Human rights activist Yashar Hakkakpour has told VOA that in addition to Asra Panahi, two other students, identified as Aytak Mikaili and Hana Dourdouzani, were also killed during the clampdown on the schoolgirls. He claimed that the girl who is now hospitalized in ICU is Anita Khojasteh. He added that 80 students were taken to hospital in 11 ambulances following the attack by the regime’s agents.
Hardliner news agencies published video of an interview with the uncle of the dead girl, who said she had died of a congenital heart condition at home.
School children have been also protesting forced hijab after Mahsa Amini was killed in ‘morality’ police custody in mid-September.

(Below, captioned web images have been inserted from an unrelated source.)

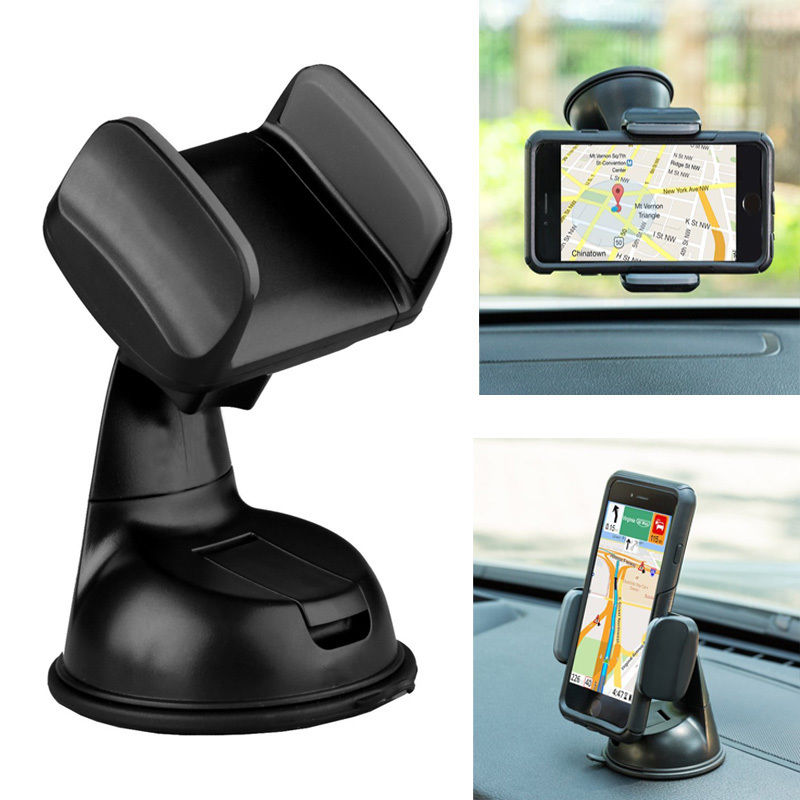 จัดส่งรวดเร็ว Car Phone Holder ที่ยึดโทรศัพท์มือถือในรถยนต์ ที่ตั้งมือถือในรถ แท่นจับมือถือในรถ แบบติดดูดกระจก หรือ บนคอนโซลรถ เก็บปลายทางฟรี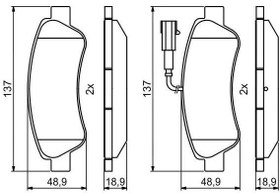 Resim BOSCH 0986494994 | Fren Balata Arka Çift Fişli Ducato Minibüs / 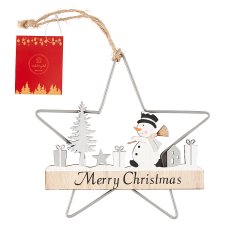 Metallic Star Hanging Deco with Snowman 30 x 20 x 1 cm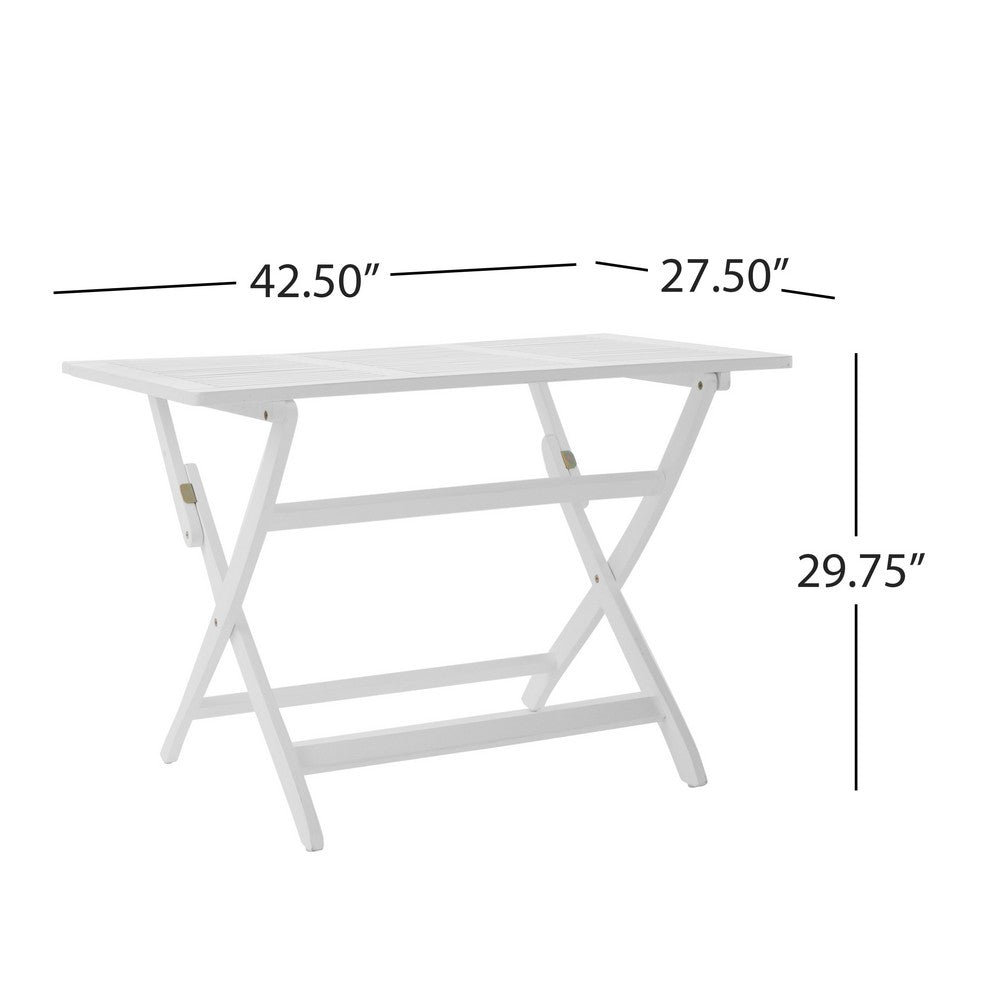 Cami Outdoor Foldable Dining Table, Rectangular 44 Inch, White Wood - BM324039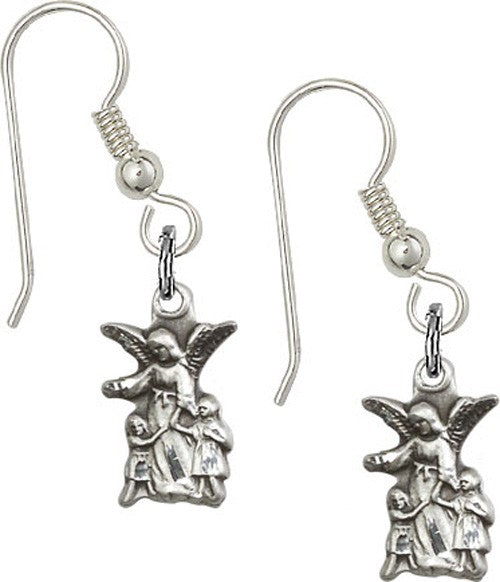 Sterling Silver Guardian Angel French Wire Earrings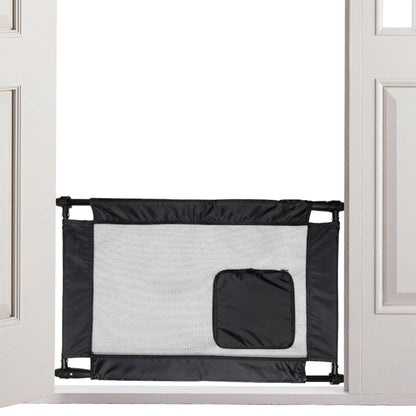 Pet Life ® 'Porta Gate' Anti-Drilling Nylon Mesh Collapsible Folding Travel Safety Pet Cat Dog Gate w/ Zippered Entrance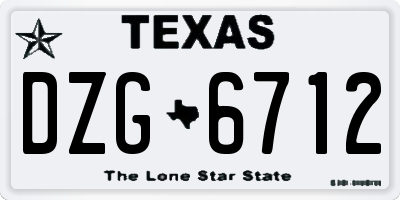 TX license plate DZG6712
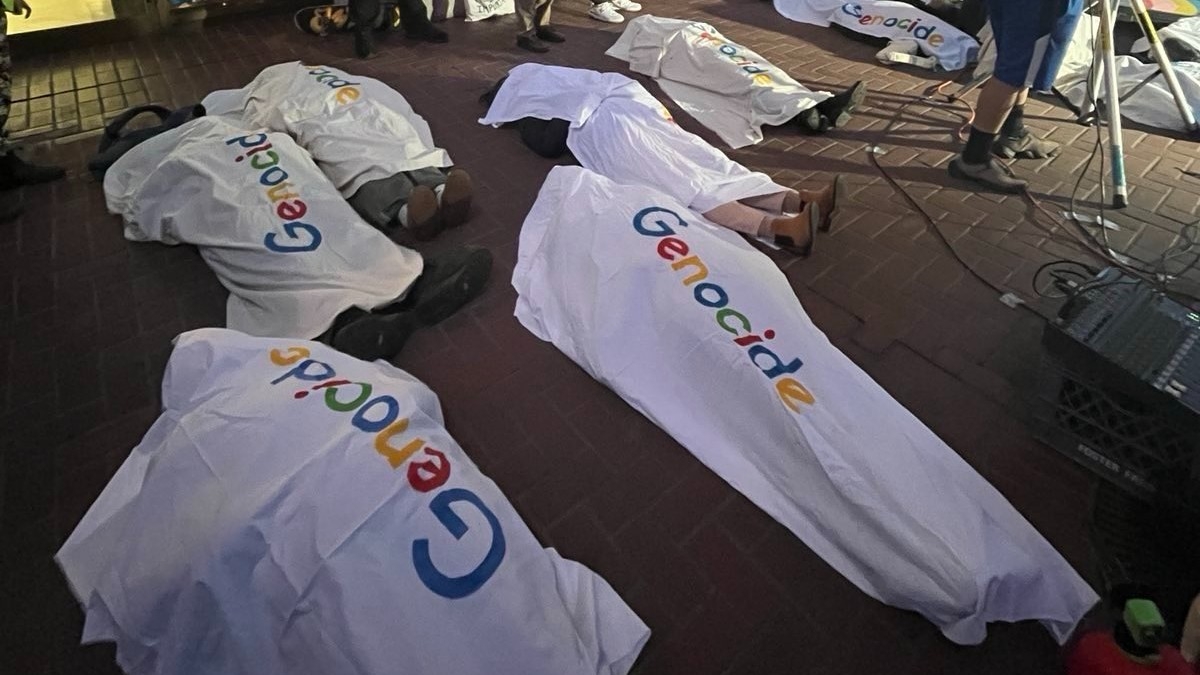 Google workers activists hold a protest at Google against the company's partnerships with Israel on 14 December 2023.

An unknown number of school students have been arrested and sent to what the government says are “psychological” rehabilitation centers, which no one has ever heard about.
On Sunday, October 16, the Coordination Council of Iranian Teachers’ Trade Associations called for the resignation of the Islamic Republic’s Education Minister Yousef Nouri amid arrests and killings of many students across the country.
Amid nationwide protests that have even mobilized Iranian high school students, the Islamic Republic authorities are removing photos of the Supreme Leader from classrooms in fear of students damaging the portraits.
Prince Reza Pahlavi of Iran living in exile has called on the United Nations to investigate the Islamic Republic’s widespread and systematic human rights abuses and atrocities committed against protesters.
In a letter addressed to the United Nations Secretary-General António Guterres released to the media October 18, Pahlavi requested his support for the establishment of a commission of inquiry at the UN human Rights Council for investigating the responsibility of officials.
He noted that the world has witnessed in recent days the disturbing crimes being committed against protesters whose movement began “demanding justice for the brutal murder of Mahsa "Zhina" Amini by the so-called morality police for having allegedly failed to observe misogynistic regulations on compulsory observance of the hijab head covering.”
The UN’s failure to establish such a commission to hold accountable “those who order and instigate such abuses... will only perpetuate the culture of impunity,” he said, adding “The Iranian people deserve no less than other victims in the world who have had the benefit of a proper investigation of atrocities committed against them.”
He highlighted that “The Iranian courts can hardly deliver justice when they themselves are an instrument of repression, prosecuting the innocent while allowing those committing atrocities to escape accountability.”
“The day will soon come when the perpetrators of these crimes will be prosecuted either before the impartial courts of a democratic Iran, or the International Criminal Court," Pahlavi said, noting that a UN Commission of Inquiry “would help set the stage for that day.”